TASK DETAILS>
Go through the listing and transcribe each line exactly.

SOURCE DATA>

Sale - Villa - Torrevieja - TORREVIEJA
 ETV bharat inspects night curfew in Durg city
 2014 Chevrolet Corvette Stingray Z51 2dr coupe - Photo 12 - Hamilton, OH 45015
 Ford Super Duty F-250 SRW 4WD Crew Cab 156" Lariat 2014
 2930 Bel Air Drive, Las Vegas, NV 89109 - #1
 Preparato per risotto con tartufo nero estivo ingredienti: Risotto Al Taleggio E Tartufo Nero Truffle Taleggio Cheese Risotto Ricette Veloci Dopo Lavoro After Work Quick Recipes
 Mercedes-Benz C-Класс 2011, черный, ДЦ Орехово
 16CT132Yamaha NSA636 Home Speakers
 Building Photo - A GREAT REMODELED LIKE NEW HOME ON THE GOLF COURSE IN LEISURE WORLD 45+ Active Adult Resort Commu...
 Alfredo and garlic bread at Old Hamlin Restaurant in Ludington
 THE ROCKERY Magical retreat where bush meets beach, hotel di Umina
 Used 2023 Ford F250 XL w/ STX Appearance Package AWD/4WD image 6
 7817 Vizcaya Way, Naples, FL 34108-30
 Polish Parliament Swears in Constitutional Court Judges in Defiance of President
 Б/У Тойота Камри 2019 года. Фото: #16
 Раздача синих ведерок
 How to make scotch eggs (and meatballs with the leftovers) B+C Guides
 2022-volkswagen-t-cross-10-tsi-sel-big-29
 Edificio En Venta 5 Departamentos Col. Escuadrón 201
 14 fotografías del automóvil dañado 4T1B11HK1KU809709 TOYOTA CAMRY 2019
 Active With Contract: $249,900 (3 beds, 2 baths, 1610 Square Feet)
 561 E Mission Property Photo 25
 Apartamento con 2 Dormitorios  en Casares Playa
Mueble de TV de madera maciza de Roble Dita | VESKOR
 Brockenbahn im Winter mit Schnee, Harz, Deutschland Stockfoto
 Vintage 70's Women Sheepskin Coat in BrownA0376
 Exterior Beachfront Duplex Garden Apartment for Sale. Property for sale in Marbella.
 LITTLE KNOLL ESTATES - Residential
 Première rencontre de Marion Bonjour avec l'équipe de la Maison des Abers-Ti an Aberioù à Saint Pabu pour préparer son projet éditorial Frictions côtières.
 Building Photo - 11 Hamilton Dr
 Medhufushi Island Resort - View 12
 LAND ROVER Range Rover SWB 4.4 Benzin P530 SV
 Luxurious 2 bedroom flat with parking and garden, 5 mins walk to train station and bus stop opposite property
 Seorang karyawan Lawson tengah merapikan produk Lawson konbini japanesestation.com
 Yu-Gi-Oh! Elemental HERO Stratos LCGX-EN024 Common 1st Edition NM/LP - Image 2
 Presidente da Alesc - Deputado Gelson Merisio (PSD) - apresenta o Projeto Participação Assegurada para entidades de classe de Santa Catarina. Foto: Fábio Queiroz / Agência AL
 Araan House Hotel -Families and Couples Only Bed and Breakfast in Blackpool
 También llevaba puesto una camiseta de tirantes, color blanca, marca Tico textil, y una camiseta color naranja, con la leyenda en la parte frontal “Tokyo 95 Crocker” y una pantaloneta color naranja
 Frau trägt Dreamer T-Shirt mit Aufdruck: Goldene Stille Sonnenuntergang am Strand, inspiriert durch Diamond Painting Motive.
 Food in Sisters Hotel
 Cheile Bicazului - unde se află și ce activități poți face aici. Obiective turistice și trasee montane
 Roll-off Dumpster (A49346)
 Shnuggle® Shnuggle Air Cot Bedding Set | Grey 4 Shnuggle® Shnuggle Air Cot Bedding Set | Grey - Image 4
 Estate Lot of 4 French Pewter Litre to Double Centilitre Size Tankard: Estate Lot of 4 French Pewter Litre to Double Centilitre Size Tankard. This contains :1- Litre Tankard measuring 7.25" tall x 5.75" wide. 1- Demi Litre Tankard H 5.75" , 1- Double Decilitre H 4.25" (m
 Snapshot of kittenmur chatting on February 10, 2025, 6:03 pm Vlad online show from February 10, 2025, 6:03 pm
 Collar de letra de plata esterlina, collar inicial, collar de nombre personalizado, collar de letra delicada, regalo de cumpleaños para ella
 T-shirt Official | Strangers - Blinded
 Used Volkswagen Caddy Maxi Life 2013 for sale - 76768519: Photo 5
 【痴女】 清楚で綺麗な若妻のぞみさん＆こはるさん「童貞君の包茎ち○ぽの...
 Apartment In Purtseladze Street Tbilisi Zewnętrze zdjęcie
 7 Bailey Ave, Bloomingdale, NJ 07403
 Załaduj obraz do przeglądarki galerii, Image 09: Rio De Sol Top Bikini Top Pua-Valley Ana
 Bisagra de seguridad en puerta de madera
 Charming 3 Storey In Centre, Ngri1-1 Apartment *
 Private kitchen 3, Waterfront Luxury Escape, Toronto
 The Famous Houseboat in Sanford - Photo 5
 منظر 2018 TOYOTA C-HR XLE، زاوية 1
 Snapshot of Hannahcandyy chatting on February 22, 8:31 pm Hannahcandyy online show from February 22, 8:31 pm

ANSWER SECTION>
Sale - Villa - Torrevieja - TORREVIEJA
 ETV bharat inspects night curfew in Durg city
 2014 Chevrolet Corvette Stingray Z51 2dr coupe - Photo 12 - Hamilton, OH 45015
 Ford Super Duty F-250 SRW 4WD Crew Cab 156" Lariat 2014
 2930 Bel Air Drive, Las Vegas, NV 89109 - #1
 Preparato per risotto con tartufo nero estivo ingredienti: Risotto Al Taleggio E Tartufo Nero Truffle Taleggio Cheese Risotto Ricette Veloci Dopo Lavoro After Work Quick Recipes
 Mercedes-Benz C-Класс 2011, черный, ДЦ Орехово
 16CT132Yamaha NSA636 Home Speakers
 Building Photo - A GREAT REMODELED LIKE NEW HOME ON THE GOLF COURSE IN LEISURE WORLD 45+ Active Adult Resort Commu...
 Alfredo and garlic bread at Old Hamlin Restaurant in Ludington
 THE ROCKERY Magical retreat where bush meets beach, hotel di Umina
 Used 2023 Ford F250 XL w/ STX Appearance Package AWD/4WD image 6
 7817 Vizcaya Way, Naples, FL 34108-30
 Polish Parliament Swears in Constitutional Court Judges in Defiance of President
 Б/У Тойота Камри 2019 года. Фото: #16
 Раздача синих ведерок
 How to make scotch eggs (and meatballs with the leftovers) B+C Guides
 2022-volkswagen-t-cross-10-tsi-sel-big-29
 Edificio En Venta 5 Departamentos Col. Escuadrón 201
 14 fotografías del automóvil dañado 4T1B11HK1KU809709 TOYOTA CAMRY 2019
 Active With Contract: $249,900 (3 beds, 2 baths, 1610 Square Feet)
 561 E Mission Property Photo 25
 Apartamento con 2 Dormitorios  en Casares Playa
Mueble de TV de madera maciza de Roble Dita | VESKOR
 Brockenbahn im Winter mit Schnee, Harz, Deutschland Stockfoto
 Vintage 70's Women Sheepskin Coat in BrownA0376
 Exterior Beachfront Duplex Garden Apartment for Sale. Property for sale in Marbella.
 LITTLE KNOLL ESTATES - Residential
 Première rencontre de Marion Bonjour avec l'équipe de la Maison des Abers-Ti an Aberioù à Saint Pabu pour préparer son projet éditorial Frictions côtières.
 Building Photo - 11 Hamilton Dr
 Medhufushi Island Resort - View 12
 LAND ROVER Range Rover SWB 4.4 Benzin P530 SV
 Luxurious 2 bedroom flat with parking and garden, 5 mins walk to train station and bus stop opposite property
 Seorang karyawan Lawson tengah merapikan produk Lawson konbini japanesestation.com
 Yu-Gi-Oh! Elemental HERO Stratos LCGX-EN024 Common 1st Edition NM/LP - Image 2
 Presidente da Alesc - Deputado Gelson Merisio (PSD) - apresenta o Projeto Participação Assegurada para entidades de classe de Santa Catarina. Foto: Fábio Queiroz / Agência AL
 Araan House Hotel -Families and Couples Only Bed and Breakfast in Blackpool
 También llevaba puesto una camiseta de tirantes, color blanca, marca Tico textil, y una camiseta color naranja, con la leyenda en la parte frontal “Tokyo 95 Crocker” y una pantaloneta color naranja
 Frau trägt Dreamer T-Shirt mit Aufdruck: Goldene Stille Sonnenuntergang am Strand, inspiriert durch Diamond Painting Motive.
 Food in Sisters Hotel
 Cheile Bicazului - unde se află și ce activități poți face aici. Obiective turistice și trasee montane
 Roll-off Dumpster (A49346)
 Shnuggle® Shnuggle Air Cot Bedding Set | Grey 4 Shnuggle® Shnuggle Air Cot Bedding Set | Grey - Image 4
 Estate Lot of 4 French Pewter Litre to Double Centilitre Size Tankard: Estate Lot of 4 French Pewter Litre to Double Centilitre Size Tankard. This contains :1- Litre Tankard measuring 7.25" tall x 5.75" wide. 1- Demi Litre Tankard H 5.75" , 1- Double Decilitre H 4.25" (m
 Snapshot of kittenmur chatting on February 10, 2025, 6:03 pm Vlad online show from February 10, 2025, 6:03 pm
 Collar de letra de plata esterlina, collar inicial, collar de nombre personalizado, collar de letra delicada, regalo de cumpleaños para ella
 T-shirt Official | Strangers - Blinded
 Used Volkswagen Caddy Maxi Life 2013 for sale - 76768519: Photo 5
 【痴女】 清楚で綺麗な若妻のぞみさん＆こはるさん「童貞君の包茎ち○ぽの...
 Apartment In Purtseladze Street Tbilisi Zewnętrze zdjęcie
 7 Bailey Ave, Bloomingdale, NJ 07403
 Załaduj obraz do przeglądarki galerii, Image 09: Rio De Sol Top Bikini Top Pua-Valley Ana
 Bisagra de seguridad en puerta de madera
 Charming 3 Storey In Centre, Ngri1-1 Apartment *
 Private kitchen 3, Waterfront Luxury Escape, Toronto
 The Famous Houseboat in Sanford - Photo 5
 منظر 2018 TOYOTA C-HR XLE، زاوية 1
 Snapshot of Hannahcandyy chatting on February 22, 8:31 pm Hannahcandyy online show from February 22, 8:31 pm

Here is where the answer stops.